● Try it
Reproduce from the records below, with no pictures, exactly the lines between the one containing "中国一天浪费多少粮食_htt" and the one containing "A photo of John", inclusive.

● Dataset content
-------

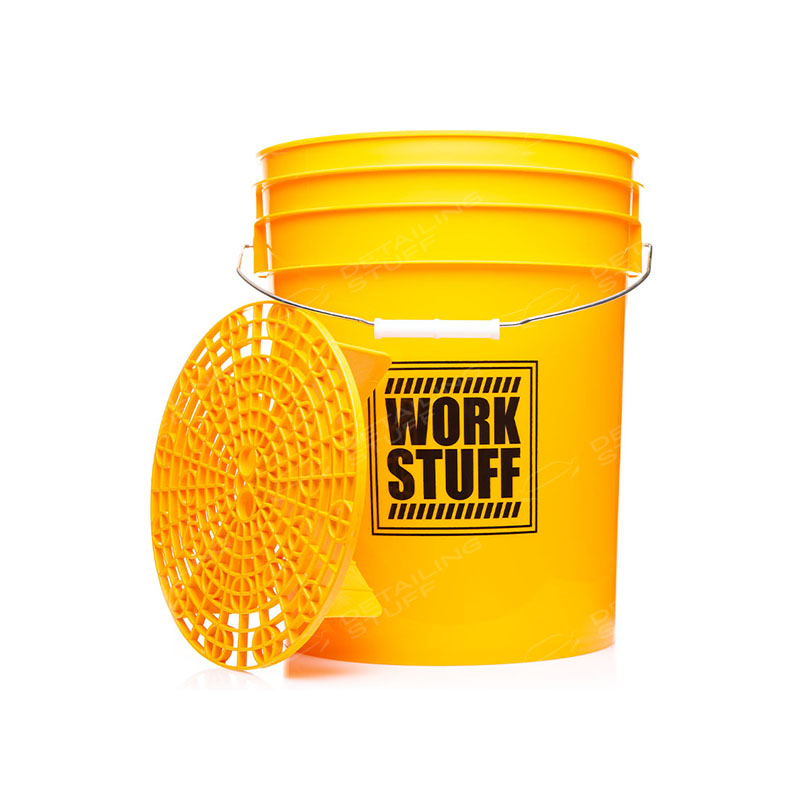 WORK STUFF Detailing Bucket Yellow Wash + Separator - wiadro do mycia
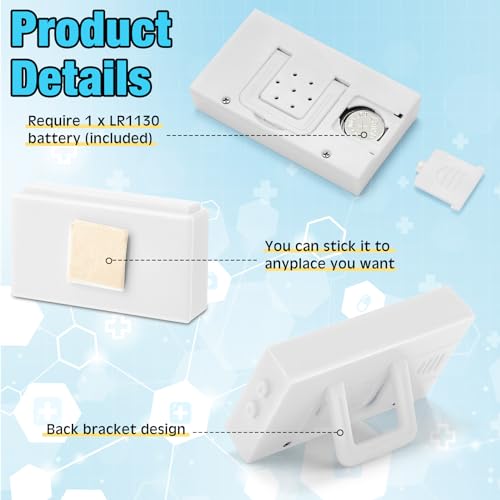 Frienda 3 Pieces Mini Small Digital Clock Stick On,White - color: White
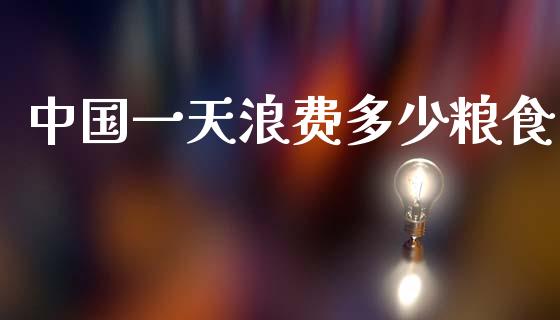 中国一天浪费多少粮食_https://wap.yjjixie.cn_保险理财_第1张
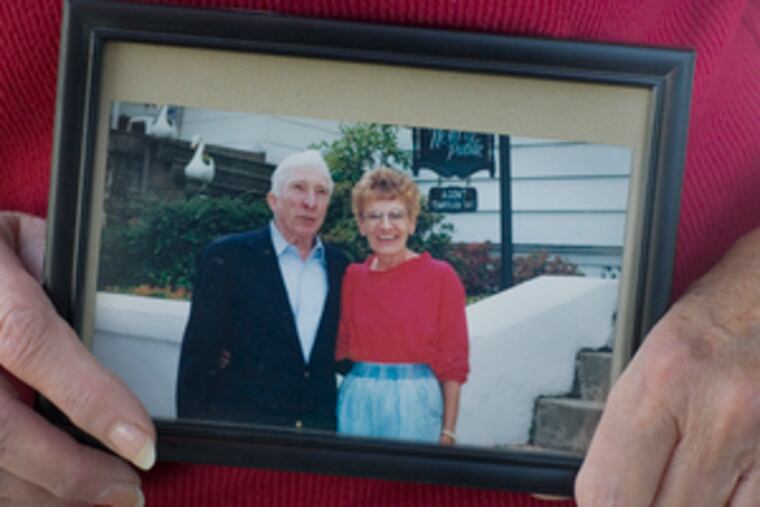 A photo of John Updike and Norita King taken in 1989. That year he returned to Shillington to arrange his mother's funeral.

-------

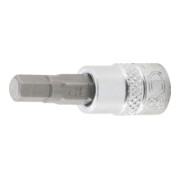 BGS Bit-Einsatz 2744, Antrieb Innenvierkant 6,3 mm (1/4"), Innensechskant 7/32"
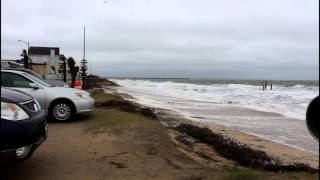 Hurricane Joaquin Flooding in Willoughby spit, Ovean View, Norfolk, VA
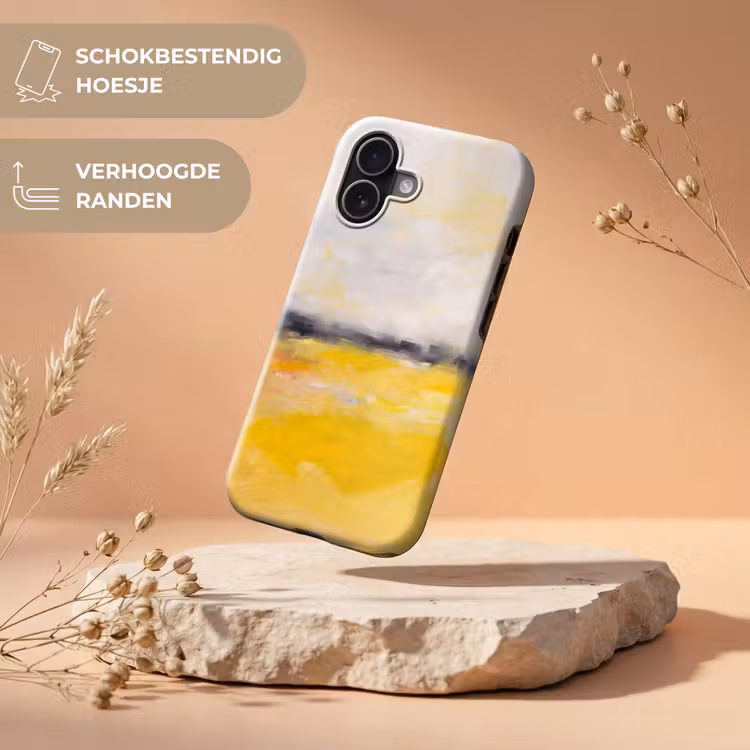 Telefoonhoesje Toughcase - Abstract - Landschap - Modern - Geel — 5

-------

● Reply
 中国一天浪费多少粮食_https://wap.yjjixie.cn_保险理财_第1张
 A photo of John Updike and Norita King taken in 1989. That year he returned to Shillington to arrange his mother's funeral.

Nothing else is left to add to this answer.